Humans do things every day that we don’t even notice. We move our hands as we talk, we walk a particular way if we are in a crowd and we use facial expressions to capture someone’s attention or build their trust. Such human actions give texture to how we perceive a scene, and if they are ‘wrong’, then it jars.
So for computer games and simulations, how can we translate that rich ‘human-ness’ into animated or virtual characters, and help viewers avoid that gnawing feeling that something is not quite right?
Those are central questions for Prof Carol O’Sullivan, who has carried out research in Trinity College Dublin (TCD), in Seoul National University, South Korea, and with Disney Research in California to figure out how to make virtual crowds, avatars and scenes more believable to us real humans.
Capturing motion
A graduate of mathematics in TCD, O’Sullivan did her PhD with Dr Steven Collins, who went on to co-found Havok, a hugely successful middleware company whose software engine helps to make special effects in computer games and animations more realistic.
Working with Collins sparked O’Sullivan’s interest in how our brains perceive animated environments, and particularly, how to make crowd scenes more realistic. “My initial foray into crowds was in realistic games and environments,” recalled O’Sullivan at the recent Watch!
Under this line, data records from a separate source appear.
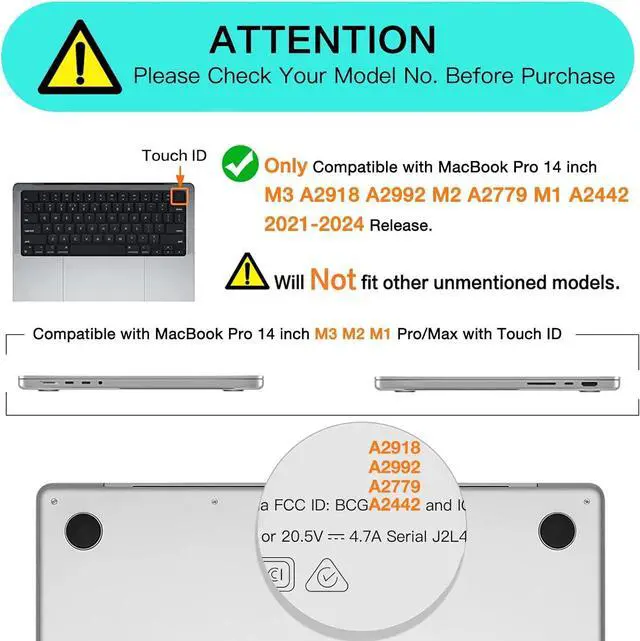 Alt view image 2 of 7 - BONAEVER For MacBook Pro 14 inch Case 2025 2024 2023 2022 2021 M5 M4 M3 M2 M1 A3434 A3112 A3185 A3401 A2918 A2992 A2779 A2442 Plastic Hard Shell Cover with Keybaord Cover & Screen Protector & Adapter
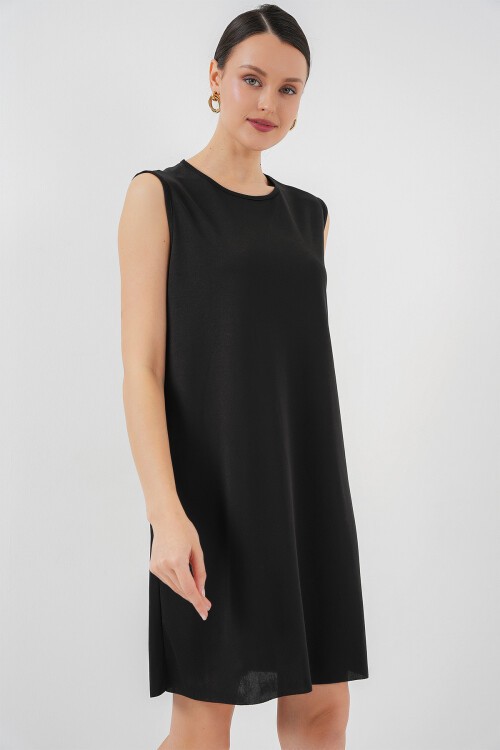 Merterium 2535 Kolsuz Midi Elbise Astarı İçlik Jüpon - Siyah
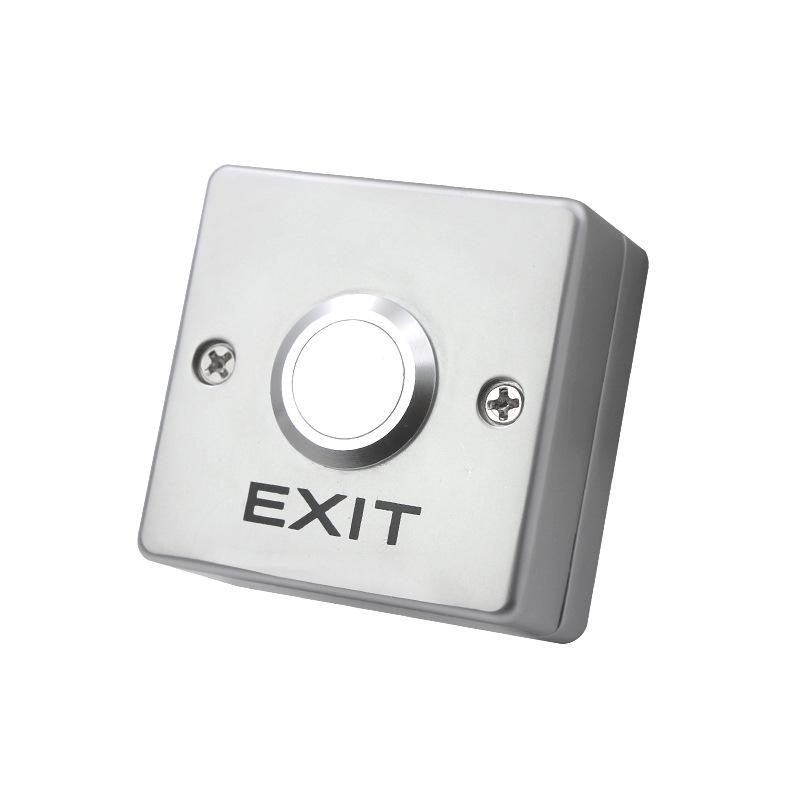 Narrow Frame Metal Exit Button Switch, Surface Mounted, Self-Resetting, Normally Open/Closed, Mini Type with Back Box.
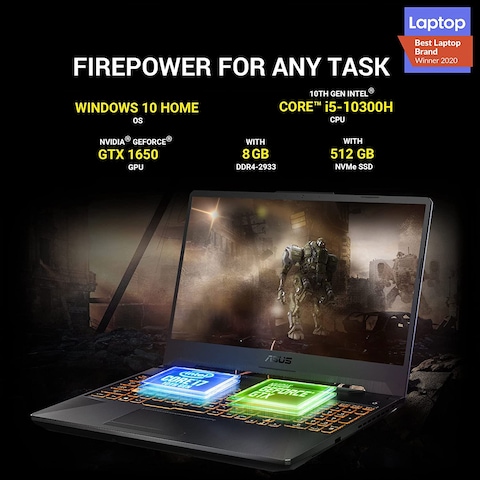 Asus TUF F15 FX506LH Gaming Laptop 15.6 FHD 144Hz, Intel i5-10300H, 8GB RAM, 512GB SSD, 4GB NVIDIA GeForce GTX 1650, Windows 10, Grey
Video Everywhere event hosted by the Adapt Centre, where she is a principal investigator.
Now a professor of visual computing at TCD, O’Sullivan and her colleagues use motion capture equipment to gather information on the subtlety of how humans move. Participants don Lycra suits with ‘markers’ on them and are videoed as they talk in groups, gesture, walk and run.
The resulting footage is meat for computer analysis that can pick up on gross and fine movements, and that analysis informs how characters move on screen. “We use motion capture to try and make the humans in our crowds and animations as realistic as possible,” she explained.
‘I’m interested in the physics of objects, and how real people interact with virtual objects in the real world’
– PROF CAROL O’SULLIVAN
Crowds and the city
Cities are home to concentrations of humans, and what better setting to get more out of crowds? One of O’Sullivan’s long-term projects is Metropolis, a virtual model of Dublin city centre, including the TCD campus.
By putting crowds into this virtual Dublin, the researchers test all sorts of aspects that increase our credibility of such scenes; including motion, background sound, the ‘personalities’ of individuals, the physics of how people move and talk to each other, and even the lighting of the scenes.
“In real crowds, there is a lot of very complex and subtle behaviour,” said O’Sullivan. “You don’t want zombie-like characters talking, not talking or looking at each other and not expressing emotion – real crowds exhibit different behaviours and we want to get that without the need for a huge amount of computational time.”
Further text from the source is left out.